So, I just saw Wanted this morning and I have to say, I was enormously entertained. I heard reality wasn't a friend to this movie before seeing it, and that's exactly the frame of mind I needed to be in.
If you like action movies, this movie has PLENTY and there are at least a couple of times when I said "wow, now that's cool."
The plot is pretty thin and where I most noticed it was at the end of the movie where I felt like one more scene needed to be added to explain a pretty major revelation. Revelation explained in spoiler font - MAJOR SPOILER ALERT:
so the loom of fate had all the assassins names come up, so does that mean the Fraternity was supposed to die off? They are doing more harm than good? Did their names come up BECAUSE Sloan was charging them to kill off the loom?
I was gung-ho about watching guns, gunplay, and even the underlying narrative of this movie, but I don't understand how that narrative explains the previously mentioned revelation. And I want to understand that from the movie's worldview.
Perhaps I'm asking too much, but in any event I think the movie is a solid B - if only for the level of entertainment I received! Better than Indiana Jones 4 IMO. Downside: the acting is flat from nearly all parties, but I could watch Morgan Freeman read from the phone book.
We watched Persepolis a couple of nights ago and it is downright gorgeous.
I watched
Monster
and
Michael Clayton
this morning. I think I should make sure my Netflix list doesn't have two such grim movies scheduled so close together. I could barely watch
Monster,
I wanted to fast forward through so much of it, it was just that painful. But Charlize Theron was spellbinding and I didn't want to miss any of her performance. Damn, but I was blubbering like a baby at the end, even though I knew she was a cold-blooded murderer.

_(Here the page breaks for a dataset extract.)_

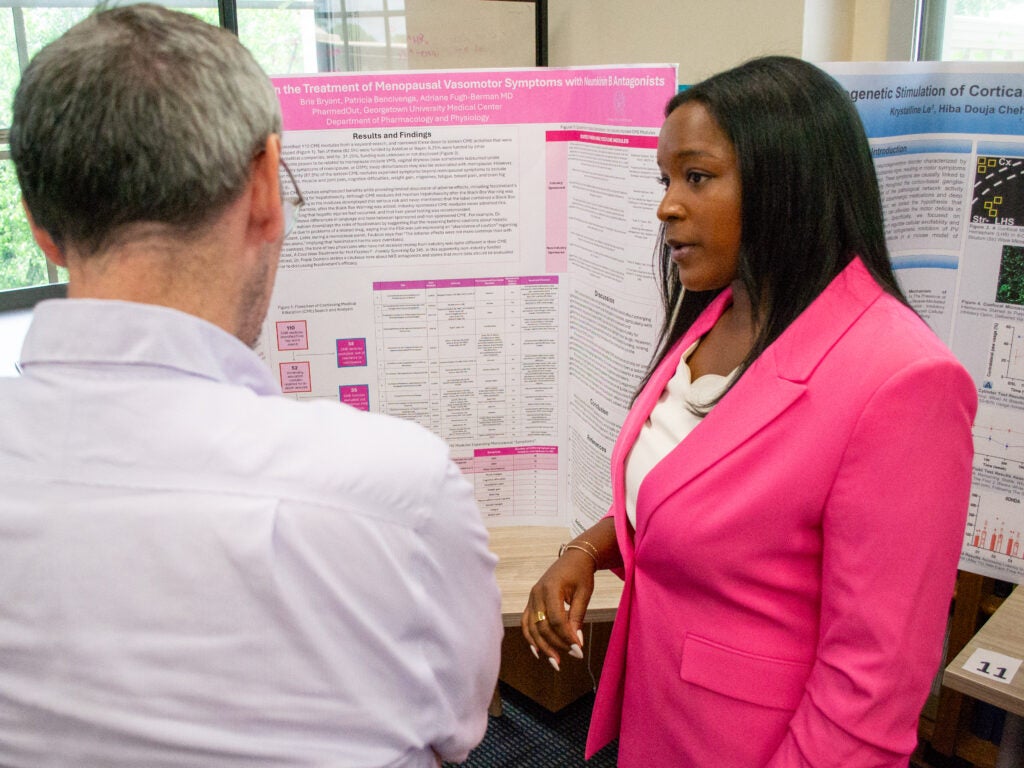 A student presents her research at the Pharmacology and Physiology poster session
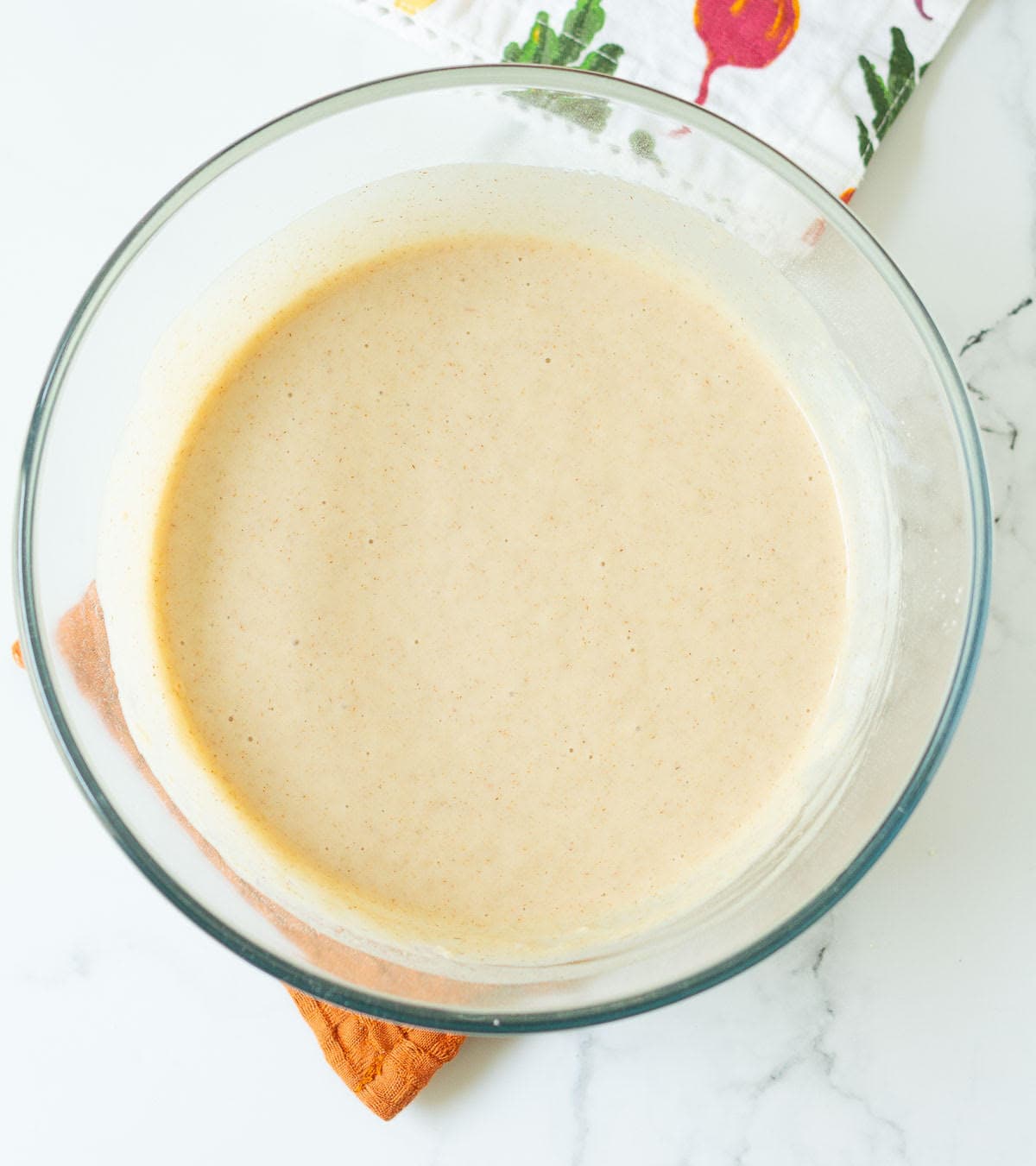 Batter for making apple cake in a mixing bowl.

Michael Clayton wasn't what I was expecting. I thought it was going to be mostly legal drama. I was pleasantly surprised to find it was more of a suspense thriller and at how much character develpment there was. Between the writing and Clooney's acting, it really made the character much more three dimensional than he could have been in the wrong hands. I enjoyed it a lot, even though it left me feeling sad for Michael Clayton despite the fact he "won."
Pictures of Hero Fiennes-Tiffin who will play the child Voldemort in HBP. (They're from some other movie he is in.)
Dude, the trailers for In Bruges SO did not prepare me for what that movie was about! It's not a quaint amusing buddy conman movie at all! It's tragic and moving! (Still very good, but seriously, trailer people, WTF?)
Also kind of glad I didn't see it when it was in theatres and D was only a few months old. Yeesh.
I'm definitely glad that I read some reviews before I watched it.
Just got back from Wall-E. Best movie I've seen this year, and I tend to see EVERYTHING.
Wired on the best robot love stories (features a familiar face): [link]
So, I saw
WALL-E
yesterday. Not sure what I think. I was somewhat distracted by A (5), who had a hard time following what was going on, and so got a bit frustrated. There were definitely things I loved, but it was very uneven.